Keywords - Asynchronous fine-grain power-gated logic (AFPL), Efficient charge recovery logic (ECRL), Partial charge reuse (PCR), Positive feedback adiabatic logic (PFAL), Carry select adder (CSA), Kogge stone adder (KSA).

## 1. INTRODUCTION

According to Moore's law, as chip density increases, power consumption is becoming a major problem for the contemporary systems. There are two types of power: static and dynamic[1]. Dynamic power dissipation is due to the charging and discharging of load capacitance. Static power dissipation is due the leakage currents when no signals are changing their values. The main sources of leakage currents which causes to static power dissipation include subthreshold leakage, gate leakage, gate-induced drain leakage, and junction leakage [2]. Leakage power dissipation is becoming a significant contributor to the total power dissipation, as threshold voltage, channel length, and gate oxide thickness continue to shrink. There many techniques for reducing leakage power dissipation in CMOS circuits. Leakage current reduction techniques consists of transistor stacking [3], reverse body biasing, dual threshold CMOS and power gating. Power gating is one of the most effective techniques for leakage current reduction, among these techniques. Power gating is used to shut down certain power domains in a chip while leaving others active. Power shutdown can significantly reduce leakage power.

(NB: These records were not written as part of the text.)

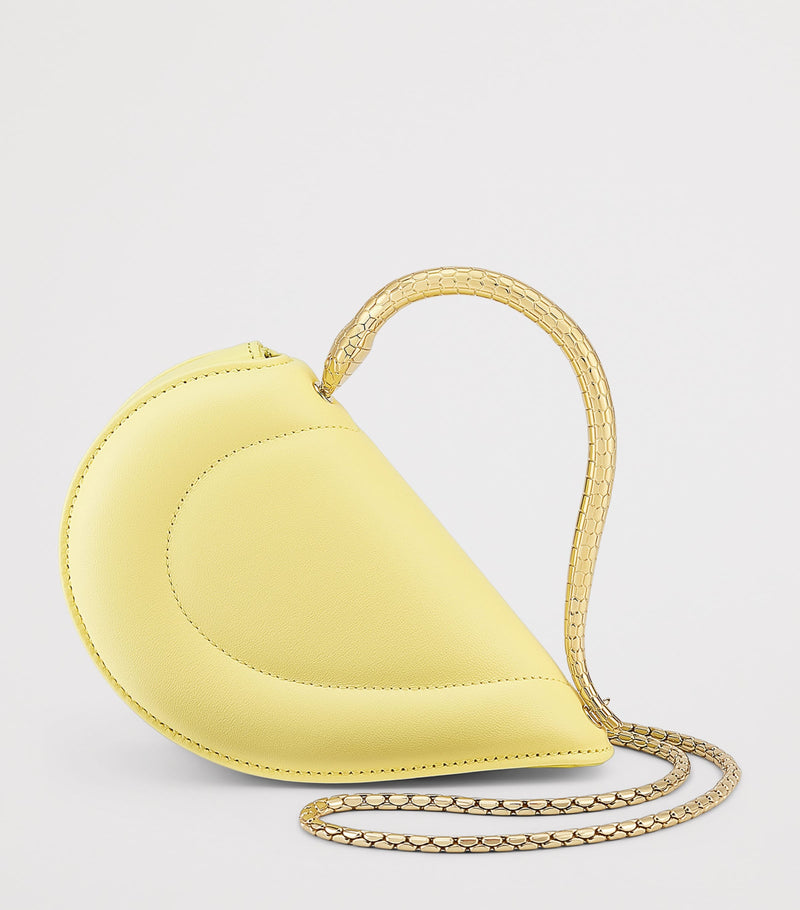 Bvlgari Serpenti Cuoricino mini top-handle bag, imported from the UK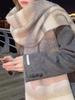 Sciarpa a quadri in cashmere nuova alla moda per donna, invernale, spessa, calda, grande scialle, pashmina, sciarpe con nappe, morbida coperta, bandana, scaldacollo spesso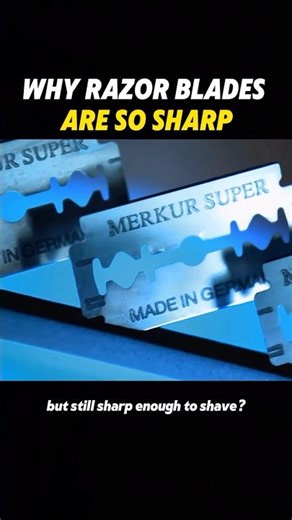 Why razor blades are so sharp #foryou #usa #razorblade #science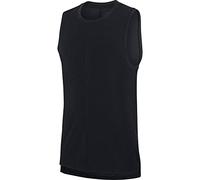 Nike M Nk Dry Tank Yoga Tank Top, Hombre, Black/(Black), 3XL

In power gating techniques, by inserting sleep transistors (power gating transistors) between power supply rails and transistor stacks increasing the effective resistance of leakage paths. In active mode, these power gating transistors are on and decreases resistance between power supplies and ground. In sleep mode, these power gating transistors are off and increases resistance between power supplies and ground. So leakage power dissipation decreases.

# **2. SYSTEM MODEL**

In asynchronous circuits, local handshaking is using for transferring data between neighboring modules. so they are active only when performing useful work. That is why, asynchronous circuits switch only when active. Asynchronous circuits in inactive mode have no dynamic dissipation but have leakage dissipation[4]. So asynchronous circuits are power-gated at the gate level of granularity.

In previous work [5], combinational blocks in the conventional asynchronous four-phase bundled-data pipeline is equipped with both a header and a footer sleep transistor. So the latch controller in a pipeline stage detects valid input data and it absorbs the data in the data latch and turns on the sleep transistors of the associated combinational block. An acknowledge signal is sent back to this stage, when the output data are received by the next pipeline stage, and the latch controller can turn off the sleep transistors of the associated combinations. This scheme has the following disadvantages. That are the hardware overhead is large and each combinational block requires a standalone data latch, a complex latch controller

comprised of six logic gates and two C-elements, two sleep transistors, and an inverter chain for matching delay. And the  $2^{nd}$  one is that only the combinational blocks are powergated, and the other hardware, including data latches, latch controllers, and inverter chains, still suffer leakage dissipation.

So in order to avoid the problems related to clock generation and synchronous clock routing, Asynchronous Adiabatic Logic (AAL) is a new solution, was proposed to combing the benefits of the adiabatic logic circuits with that of asynchronous logic systems [6]. The overall system consists of two main blocks, namely logical block and Control and Regeneration (C&R) block. In AAL system as opposed to the conventional synchronous adiabatic circuits, s instead of driving each adiabatic logic unit with an externally clock phase, each block is controlled and powered using the control signal generated by the C&R block with the help of the logical output of the previous stage. At the same time is the input to the current logical stage. The figure shows that data out signal of the logical block 1 is not only going into logical block 2 as data input, but at the same time is used to generate a control signal for logical block 2 using C&R block 1.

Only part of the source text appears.